If you think they are in your pond, you might consider making a habitat friendly spot or two for them. They love hiding in rock crevices and a pile of broken cinder blocks in shallower water is perfect. In a little time a community will develope. Most fish love crayfish, especially young ones, and the rocky piles will become hotspots for both. Used to do alot of trapping in Pa., which is as rocky as it gets. We'd catch them in small creeks that led into the Susquahanna River, which has the best smallmouth fishing I've ever done. Probably not practical here, but we would get enough (along with some angry hellgramites.Ouch.) in an hour to last all day by, along with a friend, using a trap made of two pieces of wood about 3ft long, with 1/4" mesh net about 3ft tall and 5ft wide stapled to the sticks. Weighted every couple feet on bottom with like 3oz barrel weights.
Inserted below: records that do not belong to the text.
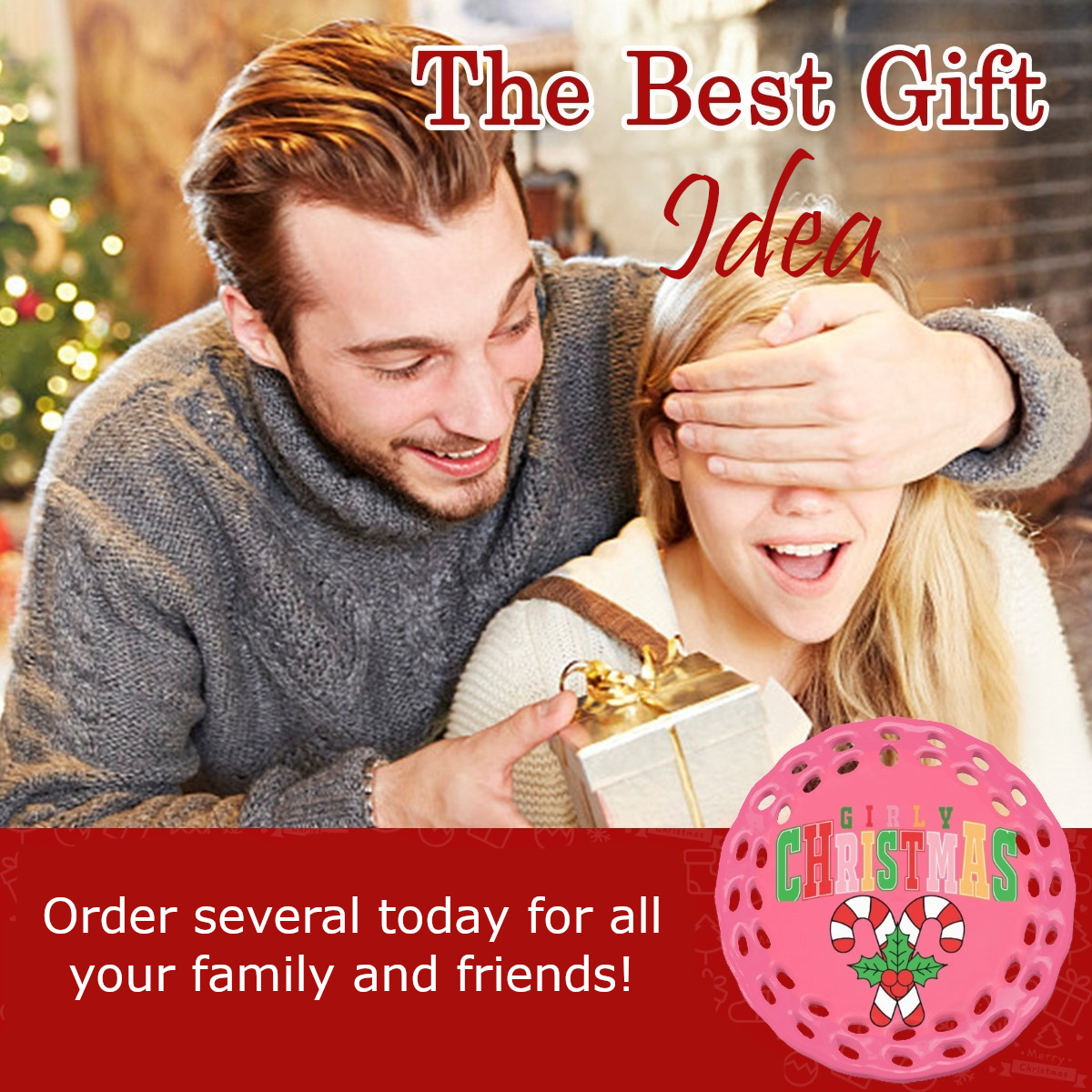 Pink Girly Christmas Round Pierced Ceramic Ornament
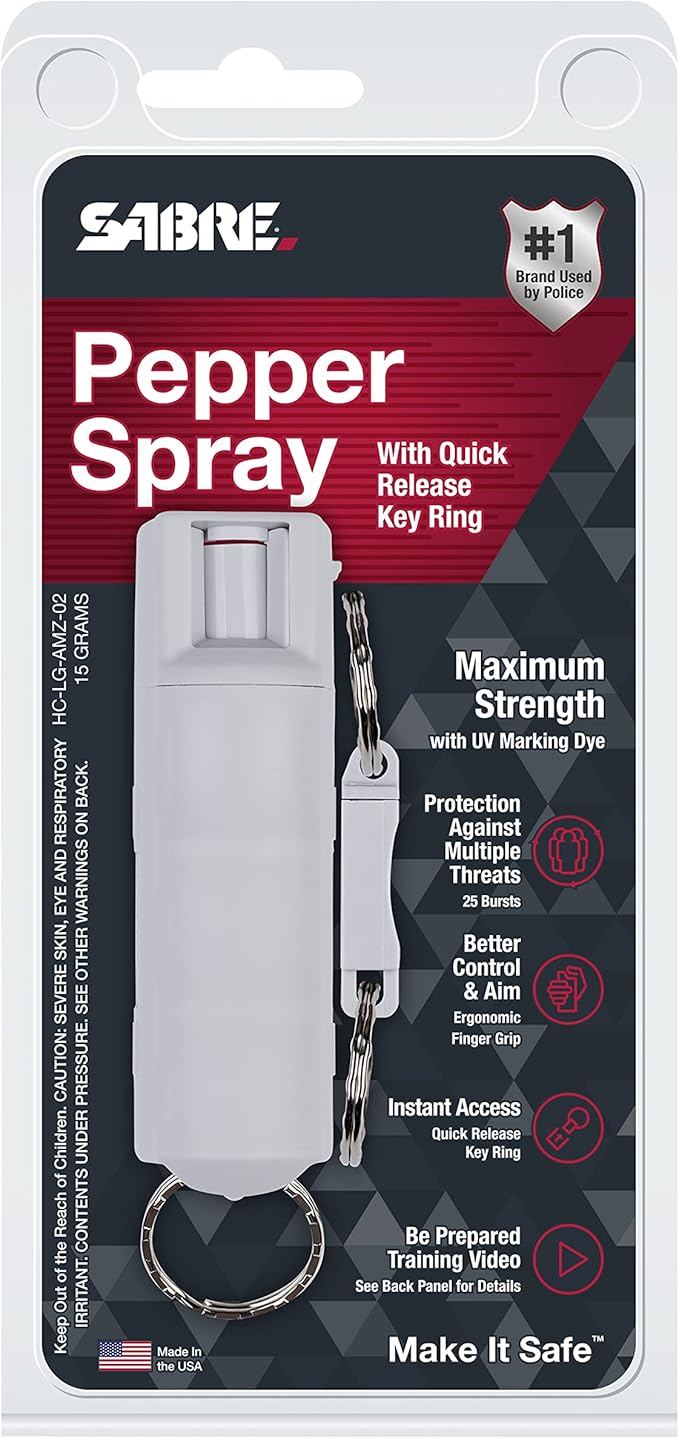 Sabre Pepper Spray - Quick Release Keychain for Easy Carry & Fast Access, Max Police Strength Self Defense OC Spray with UV Dye, 10 Sec. Spray Time, Finger Grip - Faster Aim, 0.54 fl oz,Secure Safety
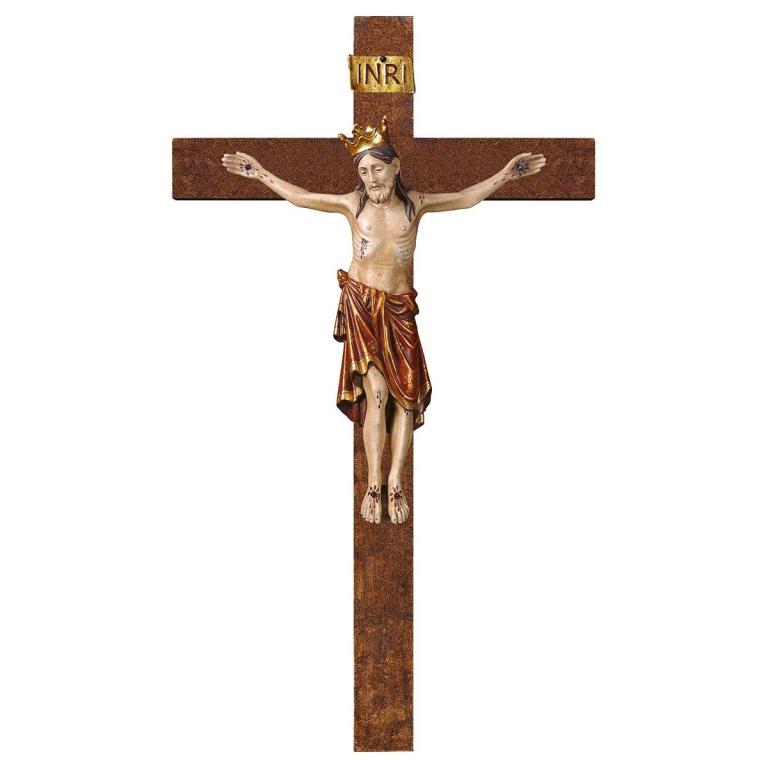 Kruzifix Romanisch mit Krone Balken gerade- Echtgold Antik-425000_6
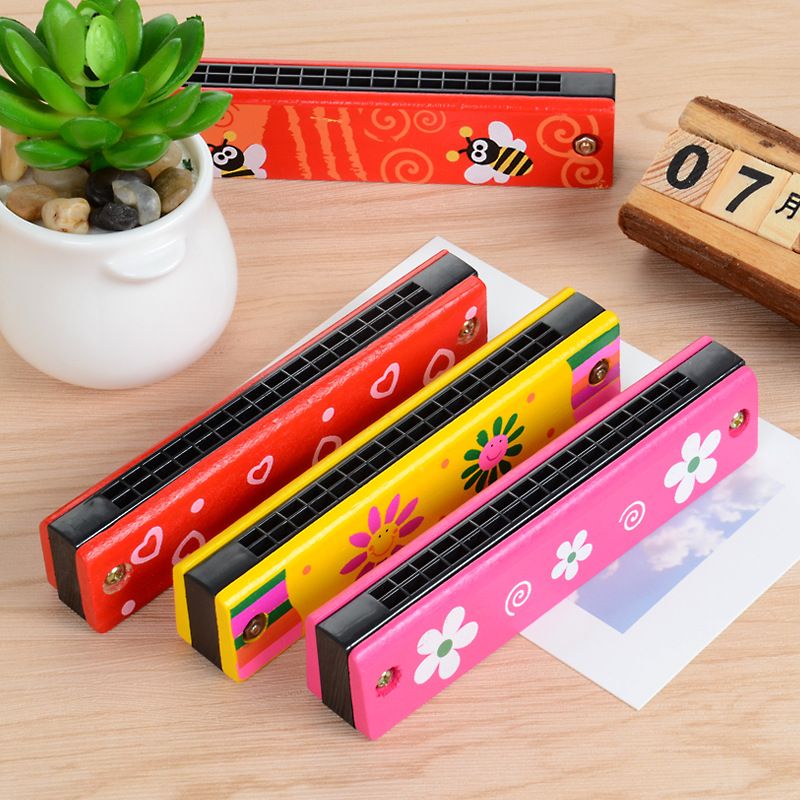 Funny Wooden Harmonica Kids Music Instrument Educational Child Attractive Toy F4-23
One guy goes upstream about 15ft kickin' up the bottom while walking towards the guy with the netted trap. When close, we'd lift the net. Occasionally we'd get some big females with a cluster of black eggs under her belly. Those went back. Since we used them as bait, in the same waters we fished, we prized the smaller ones. Fished in those rocky rivers, with just a tru turn hook and a splitshot, they, along with the hellgramites, were deadly on the smallies. Sorry so lengthy, just brought back some great memories, but look for rocks and you'll most likely find crayfish. Have fun.


----------